Transpersonal psychology, or spiritual psychology, is a sub-field or school of psychology that claims to integrate the spiritual and transcendent aspects of the human experience with the framework of modern psychology. The transpersonal is defined as "experiences in which the sense of  identity or self extends beyond (trans) the individual or personal to encompass wider aspects of humankind, life, psyche or cosmos". It has also been defined as "development beyond conventional, personal or individual levels".

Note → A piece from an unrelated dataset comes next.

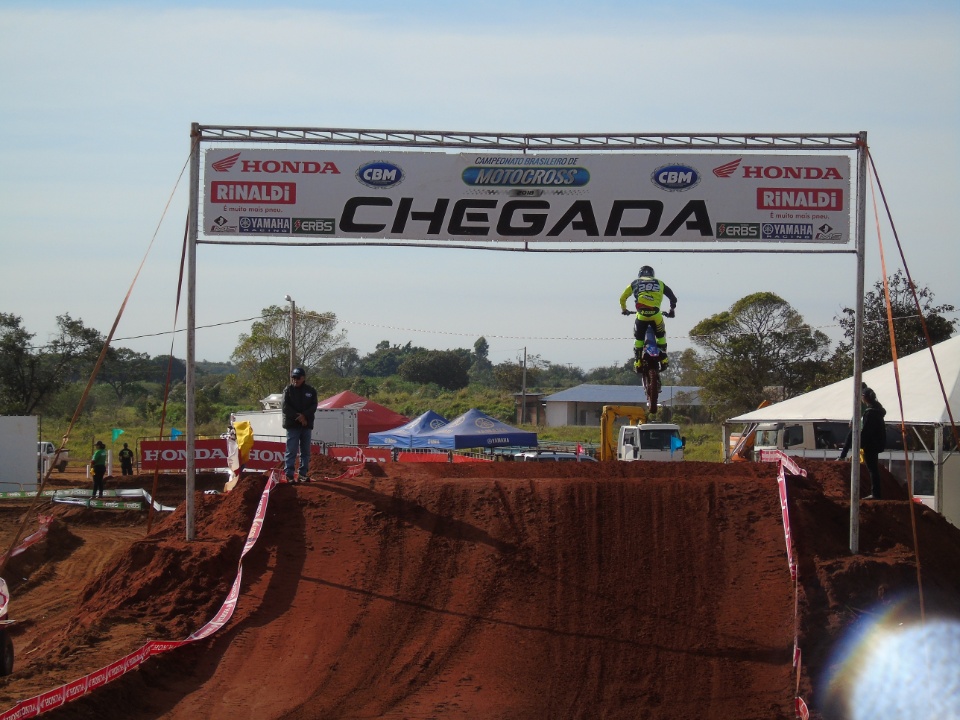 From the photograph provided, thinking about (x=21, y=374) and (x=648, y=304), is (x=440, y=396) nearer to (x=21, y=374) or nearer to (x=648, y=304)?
(x=21, y=374)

Issues considered in transpersonal psychology include spiritual self-development, self beyond the ego, peak experiences, mystical experiences, systemic trance, spiritual crises, spiritual evolution, religious conversion, altered states of consciousness, spiritual practices, and other sublime and/or unusually expanded experiences of living. The discipline attempts to describe and integrate spiritual experience within modern psychological theory and to formulate new theory to encompass such experience. The Transpersonal Psychology Day is celebrated on February 27.

History

Origins 
In 1968 Abraham Maslow was among the people who announced transpersonal psychology as a "fourth force" in psychology, in order to separate it from Humanistic psychology. Early use of the term "transpersonal" can also be credited to Stanislav Grof and Anthony Sutich. At this time, in 1967–68, Maslow was in close dialogue with both Grof and Sutich regarding the name and orientation of the new field. According to Powers the term "transpersonal" starts to show up in academic journals from 1970 onwards.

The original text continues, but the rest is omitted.